I am ever yours,
Fanny.
One word to Dorothy.
Now, my beloved and best Dorothy, haven't you enough to do with that most troublesome soul, Harriet, without being my "good angel" too? [Miss W—— often went by the name of Harriet's "good angel.">[ I have never seen mine; but if I have one, I should think he or she must be a sort of spiritual heavenly steam-engine, a three-hundred angel-power, in order effectually to take care of me.
My dearest Hal, I have missed the dear nuisance of your letters so dreadfully these few days past, that I began seriously to meditate writing to you to know if I had offended you in any way. As for how I fare in this cold weather, the weather is nothing to me, and I used not to mind cold at all, but rather to like it; but my flesh is forsaking my bones at such a rate that I am beginning to shiver for want of covering, and I think to be reduced to a skeleton—a live one, I mean—while the thermometer is as low as it is will be very uncomfortable.

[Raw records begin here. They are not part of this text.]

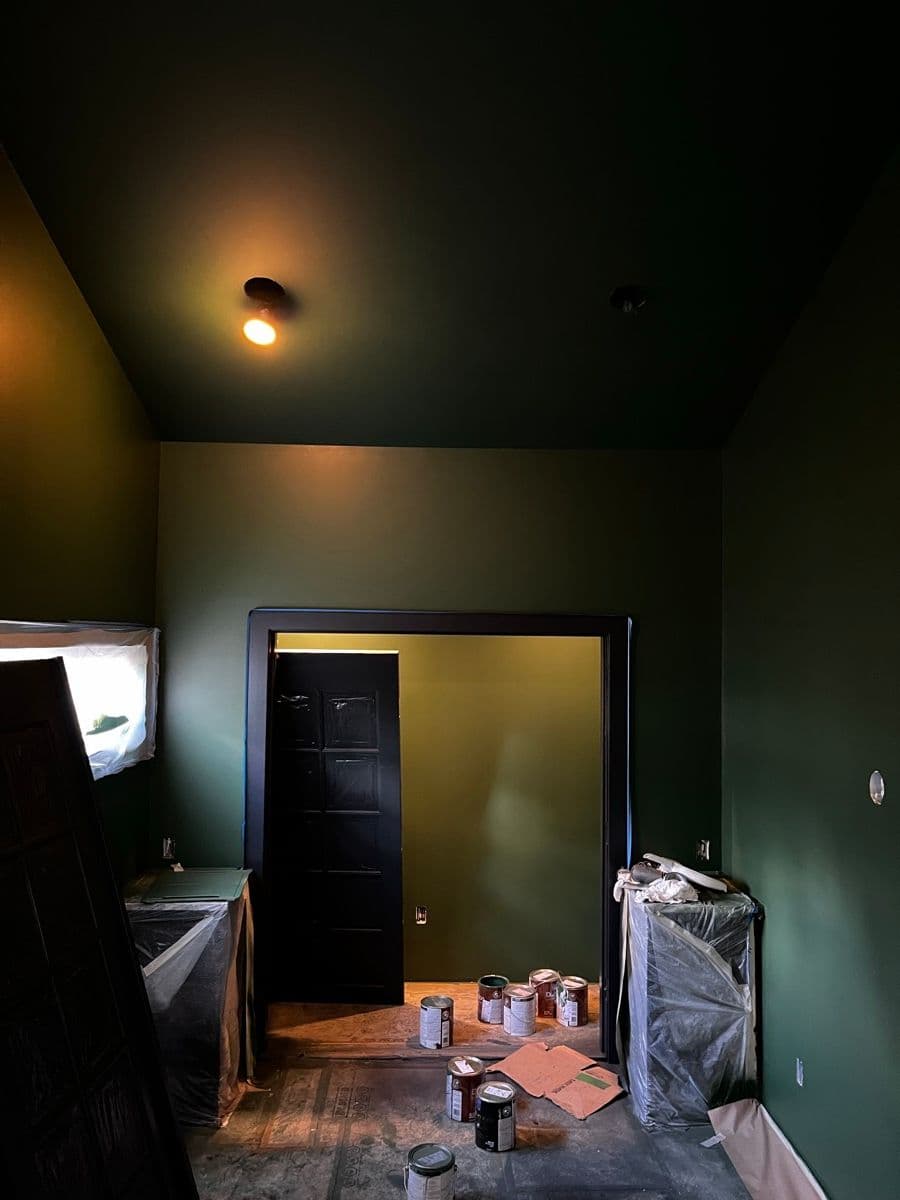 Sconce casting warm light on green wall, cellar visible through the doors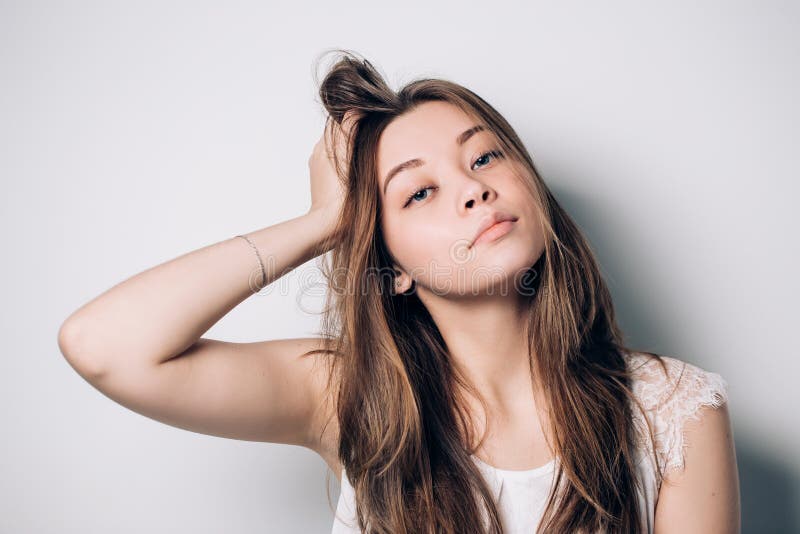 Όμορφο πορτρέτο της νέας γυναίκας brunette με μακρυμάλλη στο άσπρο υπόβαθρο στοκ εικόνα Όμορφο πορτρέτο της νέας γυναίκας brunette με μακρυμάλλη στο άσπρο υπόβαθρο στοκ εικόνα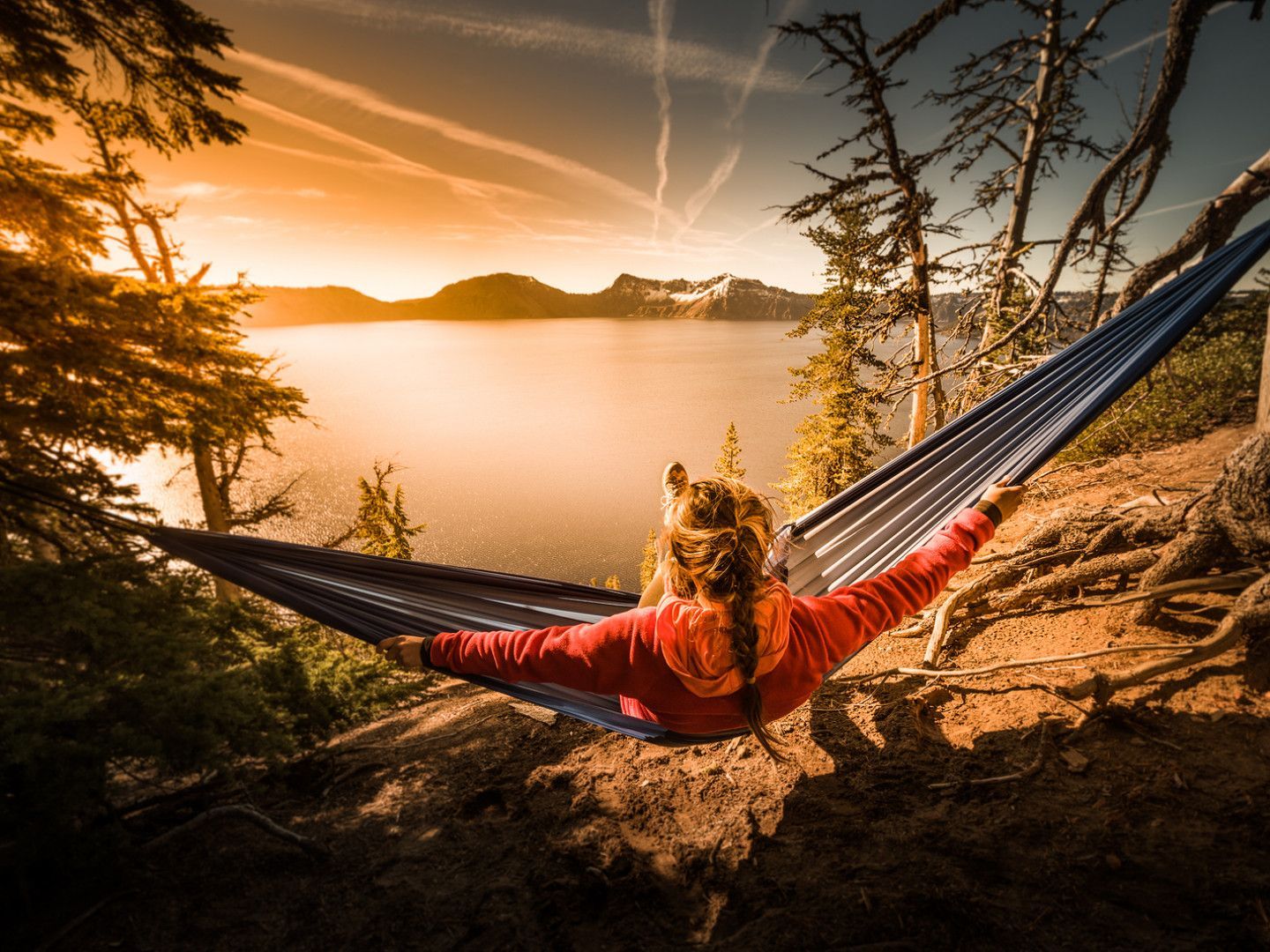 Person in a hammock, overlooking a lake and mountains at sunset.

ANGLO-SAXON KEMBLE. The satisfaction I had in my visit to my brother was that of seeing a person for whom I have a very warm affection, and, in some respects, a very sincere admiration. I believe, too, it was a comfort to poor John to see me and receive the expressions of my love and sympathy.... For his warm heart, his truthfulness and great simplicity of character, his worldly poverty, his great intellectual wealth, but, above all, for that he is my brother, I love him. He and his children are living in a poor small cottage, on a wild corner of common near Cassiobury. How I thought of our old—no, our young days, driving along past "The Grove" and the Cassiobury Park paling. My brother's present home is certainly not an extravagant residence, and though, of course, sufficient for absolute necessary comfort (how much comfort is necessary?), is nothing more.... John has advertised in the Times for a pupil to prepare for college, and should he be able to obtain one, it would, of course, materially assist him. In the mean time he is working with infinite ardor and industry upon an important work, the "History of the English Law." A friend of his, whom I met there, who is, I think, a competent judge, which, of course, I am not, of any such matter, assured me that the work was one of great erudition and research, but at the same time so dry and difficult, and therefore little likely to be popular, that it would not be easy to persuade any publisher to undertake it. He, Mr. B——, carried the first volume, which is complete, to town with him, to show it to persons capable of appreciating it, and endeavor to get it a little known, so as to procure an offer for its publication. Poor John! his perseverance in the studies he loves is very great, his devotion to them very deep, and if he could only live upon his means with his beloved mistress, Learning, I should think he had made a noble and honorable choice, however bitterly disappointed my father may feel at his not choosing to follow more lucrative pursuits.
I am going to act in Dublin. I have neither time nor space for more.
God bless you.
Ever yours,
Fanny.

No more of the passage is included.